*** DATA Section Begins ***
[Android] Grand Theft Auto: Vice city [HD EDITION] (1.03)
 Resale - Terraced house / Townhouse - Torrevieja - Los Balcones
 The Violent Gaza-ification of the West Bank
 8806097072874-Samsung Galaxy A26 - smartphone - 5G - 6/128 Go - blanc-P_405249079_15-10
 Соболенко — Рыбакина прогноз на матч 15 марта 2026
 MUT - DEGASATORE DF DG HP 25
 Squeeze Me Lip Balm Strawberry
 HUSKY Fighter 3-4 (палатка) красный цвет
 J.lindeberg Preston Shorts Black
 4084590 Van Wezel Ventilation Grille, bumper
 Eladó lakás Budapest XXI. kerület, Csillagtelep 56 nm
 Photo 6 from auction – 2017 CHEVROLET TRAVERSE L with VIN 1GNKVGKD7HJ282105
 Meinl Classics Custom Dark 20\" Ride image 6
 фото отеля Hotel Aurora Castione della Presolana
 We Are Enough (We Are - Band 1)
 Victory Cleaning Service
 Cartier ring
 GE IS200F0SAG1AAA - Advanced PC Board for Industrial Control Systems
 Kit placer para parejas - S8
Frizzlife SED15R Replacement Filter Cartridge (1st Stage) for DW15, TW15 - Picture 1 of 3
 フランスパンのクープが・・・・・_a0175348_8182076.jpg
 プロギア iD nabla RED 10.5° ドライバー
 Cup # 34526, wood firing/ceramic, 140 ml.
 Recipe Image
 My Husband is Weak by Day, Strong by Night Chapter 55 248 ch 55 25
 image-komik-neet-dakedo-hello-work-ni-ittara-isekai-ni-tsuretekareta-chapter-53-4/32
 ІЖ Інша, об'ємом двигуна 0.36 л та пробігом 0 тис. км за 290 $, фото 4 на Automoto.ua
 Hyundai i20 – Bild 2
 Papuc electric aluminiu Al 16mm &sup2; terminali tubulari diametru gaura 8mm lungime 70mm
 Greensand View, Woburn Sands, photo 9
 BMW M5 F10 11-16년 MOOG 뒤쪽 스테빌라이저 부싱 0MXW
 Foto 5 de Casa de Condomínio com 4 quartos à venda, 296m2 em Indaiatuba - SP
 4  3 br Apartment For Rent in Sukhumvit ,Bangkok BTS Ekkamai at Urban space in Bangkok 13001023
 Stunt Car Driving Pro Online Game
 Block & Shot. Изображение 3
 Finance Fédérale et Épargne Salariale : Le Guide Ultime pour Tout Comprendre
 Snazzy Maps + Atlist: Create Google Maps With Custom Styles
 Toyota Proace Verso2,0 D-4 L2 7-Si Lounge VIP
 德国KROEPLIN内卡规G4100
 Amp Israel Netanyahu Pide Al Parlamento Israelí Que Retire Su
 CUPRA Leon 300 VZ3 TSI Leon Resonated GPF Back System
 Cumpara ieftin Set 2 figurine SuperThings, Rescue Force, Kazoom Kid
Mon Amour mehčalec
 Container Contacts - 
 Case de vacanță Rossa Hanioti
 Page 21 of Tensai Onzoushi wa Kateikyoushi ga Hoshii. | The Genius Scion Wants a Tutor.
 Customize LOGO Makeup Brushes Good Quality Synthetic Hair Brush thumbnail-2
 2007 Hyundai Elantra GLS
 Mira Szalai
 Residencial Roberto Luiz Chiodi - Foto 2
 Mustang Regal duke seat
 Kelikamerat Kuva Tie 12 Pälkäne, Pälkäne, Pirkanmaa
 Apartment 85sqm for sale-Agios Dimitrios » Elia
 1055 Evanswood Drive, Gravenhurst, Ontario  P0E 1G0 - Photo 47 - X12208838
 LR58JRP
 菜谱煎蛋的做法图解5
*** DATA Section Ends ***
▶ [PROBLEM DETAILS]: Look through the entries above; copy each line where the string "Hyundai" appears.

▶ [WRITTEN SOLUTION]:
 Hyundai i20 – Bild 2
 2007 Hyundai Elantra GLS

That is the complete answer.